The Township of Langley Professional Firefighters Association, Local 4550, welcomed two new members into their fold Monday evening at the Aldergrove Legion.
A ceremony was held to honour the new recruits as their acceptance on the fire department official marked 100 full-time firefighters serving the township.
Matt Szydlowski and Jon Dvorak, having finished their year-long probation, were presented with fire service badges in a socially-distanced ceremony that included family, colleagues, plus Chief Stephen Gamble and Deputy Fire Chief Russ Jenkins.
“These two fellows were hired one year ago to go through probation,” Jenkins explained. “I’m tremendously proud because it is a tough career to get into.”

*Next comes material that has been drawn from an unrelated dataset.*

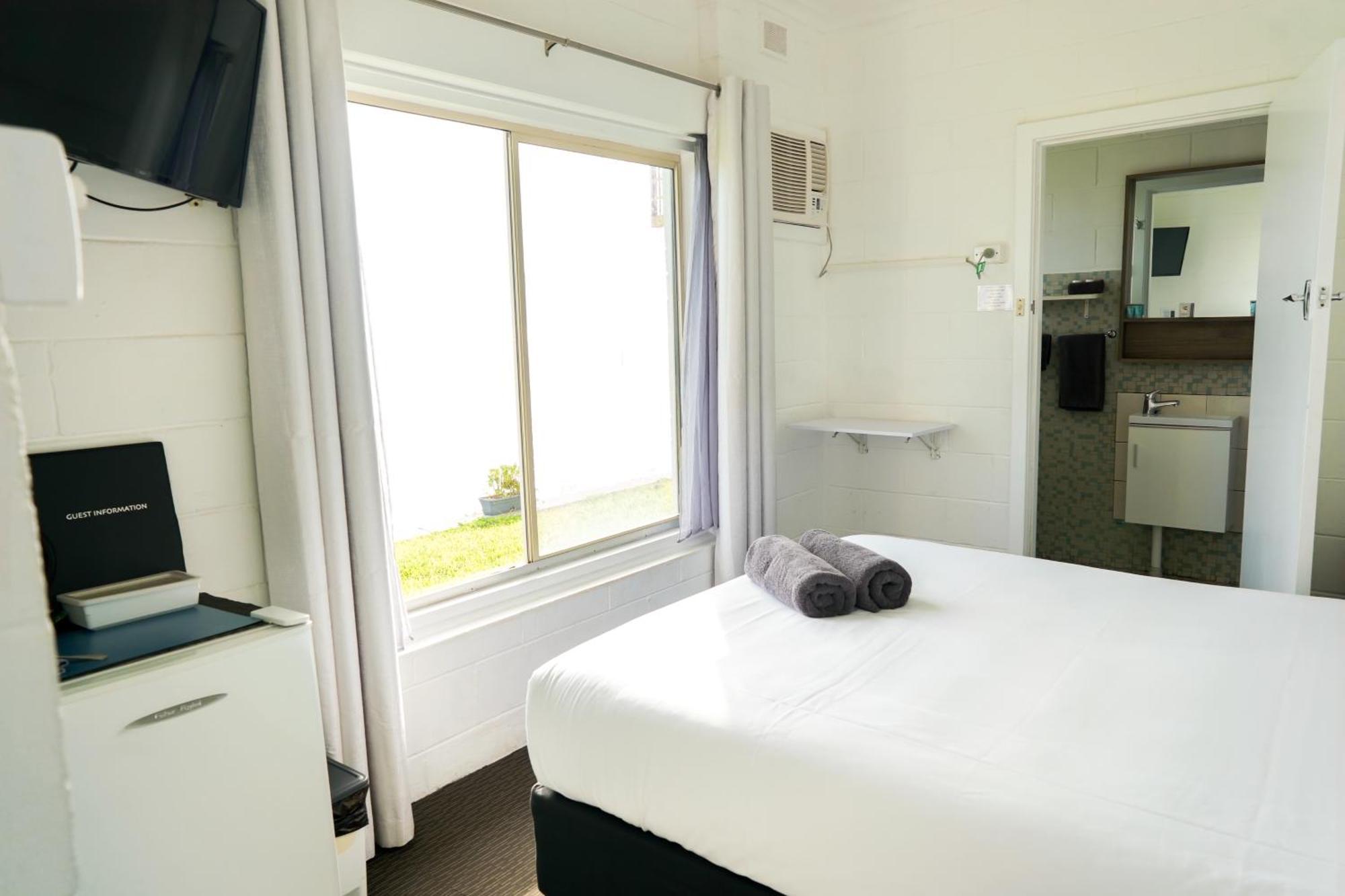 Meningie Waterfront Motel Екстер'єр фото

One hundred full-time firefighters are on duty with 115 paid call fire fighters available, Jenkins said, who serve the Township on Langley at seven separate stations.

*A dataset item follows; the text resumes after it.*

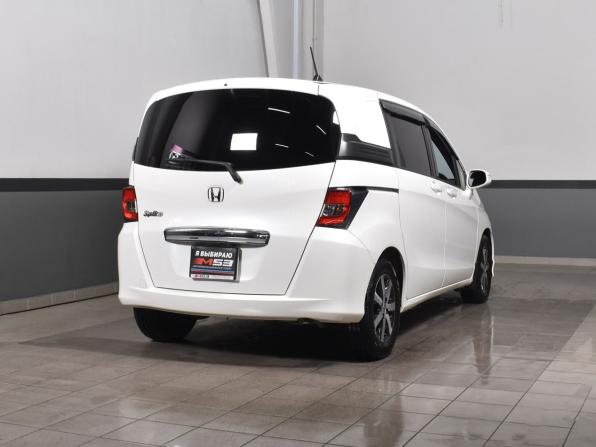 Honda Freed I Рестайлинг 2 с пробегом 2015 года, цена 1 194 995 рублей, 203485 км, компактвэн, Автокод Объявления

While fire service badges are a right of passage for every recruit, larger-scale ceremonies like this are uncommon. Jenkins said he could only recall about five or six in the department’s history.
The event began with a procession by the L4550 Honour Guard, and was presided over by Honour Guard Sergeant Major Jason Linn.

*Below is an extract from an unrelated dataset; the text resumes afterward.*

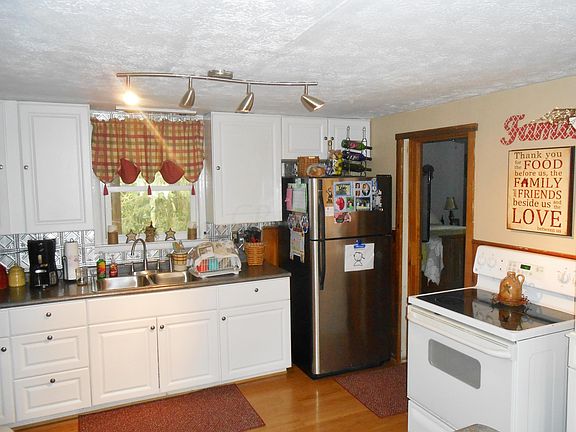 3rd image of 162 Marne Dr NE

In congratulating the two on their achievement, President Andy Hewitson read congratulatory remarks from both Township Mayor Jack Froese and CAO Mark Bakken.
“Earning your badges is such an important part of your career and one you should be very proud of; we certainly are,” wrote Mayor Froese.“We hope you have many fulfilling years ahead of you, and wish you all the best as you officially become part of the Township’s firefighting family.”
President Hewitson became emotional as he passed badge number 100 to Chief Gamble to hand to Szydlowski; 100 fire professionals under the Township of Langley Fire Department banner is a milestone the Local has been working hard to achieve since its inception.
Thirty-seven-year-old Szydlowski was joined by his spouse and two children, but said the action signified his acceptance into a new family of brothers and sisters.
“Gaining a career in firefighting is extremely competitive and this badge symbolizes the grit and the never-give up attitude required of firefighters,” Szydlowski explained.
“My probationary year was very challenging; emotionally, physically, mentally,” he went on to say. “I love going to work every day knowing I am going to make a difference and at the end of the day, this job has taught me that it’s always good because when things aren’t good for others, I feel so fortunate to be the one called on to go help.”
Dvorak, a 27-year-old Murrayville resident, said receiving his badge was the embodiment of years of hard work and is looking forward to continuing to learn as his career goes forward.
COVID-19 had created some issues for larger-scale training, forcing groups to be scaled down and cleaning protocols to be increased.
Going ahead they will be part of the staffing pool that is assigned to ensure a minimum complement of firefighters on the four career apparatus deployed around the Township of Langley.
Deputy fire chief Jenkins added that new recruits are expected to come on to the TLFD team in the new year.